Benedicto:

May your trails be crooked, winding, lonesome, dangerous, leading to the most amazing view. May your rivers flow without end, meandering through pastoral valleys tinkling with bells, past temples and castles and poets’ towers into a dark primeval forest where tigers belch and monkey’s howl, through miasmal and mysterious swamps and down into a desert of red rock, blue mesas, domes and pinnacles and grottos of endless stone, and down again into a deep vast ancient unknown chasm where bars of sunlight blaze on profiled cliffs, where deer walk across the white sand beaches where storms come and go as lightening clangs upon the high crags, where something strange and more beautiful and more full of wonder than your deepest dreams waits for you---beyond that next turning of the canyon walls. ---Edward Abbey (thanks Trudy Hall)

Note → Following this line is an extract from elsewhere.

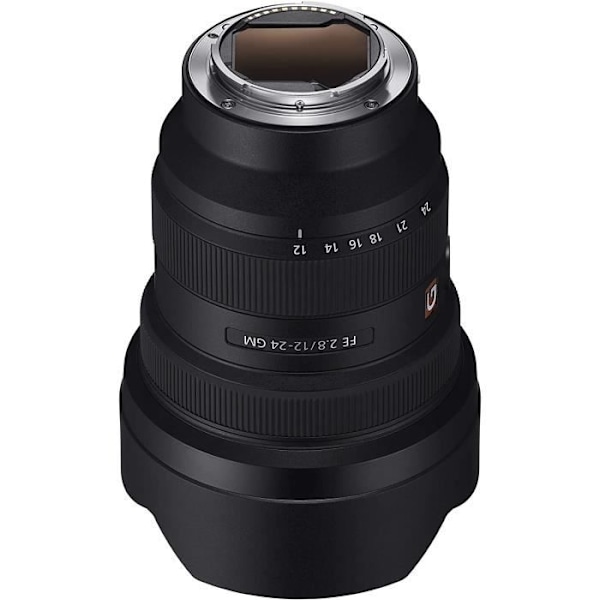 Zoomobjektiv - SONY - FE 12-24MM F/2.8 GM - F/2.8 bländare - Ultravidvinkel - Optisk stabilisering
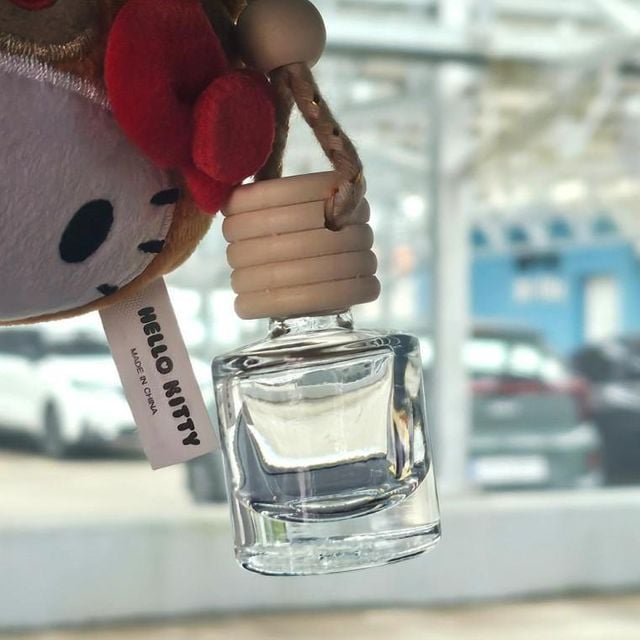 걸이형 백미러 차량 유리 방향제 공병 디퓨저 용 만들기 송풍구 용기 져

Wednesday, August 24, 2011

Nice Route to Paris

                                  
Beautiful sky in Paris

Aug  16-Aug 20
My nice pants shrunk.  New hem.
eggs with feathers still on for hostel breakfast
I may add more details to this blog date at some point, but in short, Les and I have been staying with friends and have started the business of couch-surfing; and next we have accepted an invitation to work on a farm through WWOOF in France near the border of Spain and next to the ocean.  I’m looking forward to a more grounding experience for a while.
StayOkay Hostel Aussie Roommate in Amsterdam

































Four Dancers
Bruno
Rita and Pawel
Highlights include staying with Rita in Rotterdam, whom I met at the jam in Amsterdam.  She made a delicious meal (salmon, boc choy, and yummy veggies on delicious unusual very brown rice) and included another choreographer named Bruno, who helped me see myself differently; and along with Pawel, I learned about the arts and politics and squatting, and so much!  I loved being in a home and seeing Rita’s choreography.  Her work was wonderfully surprising, whimsical, exploratory and visceral.  I found myself breathing with her-- waving my spine with her.  Her piece was about a cleaning lady, and she used a vacuum cleaner as her main property.  I loved that she got the real cleaning lady, who shared that same vacuum to clean the rehearsal space, to come to the show so that when she cleans the space, she can think of that dance as she works.  It makes me smile.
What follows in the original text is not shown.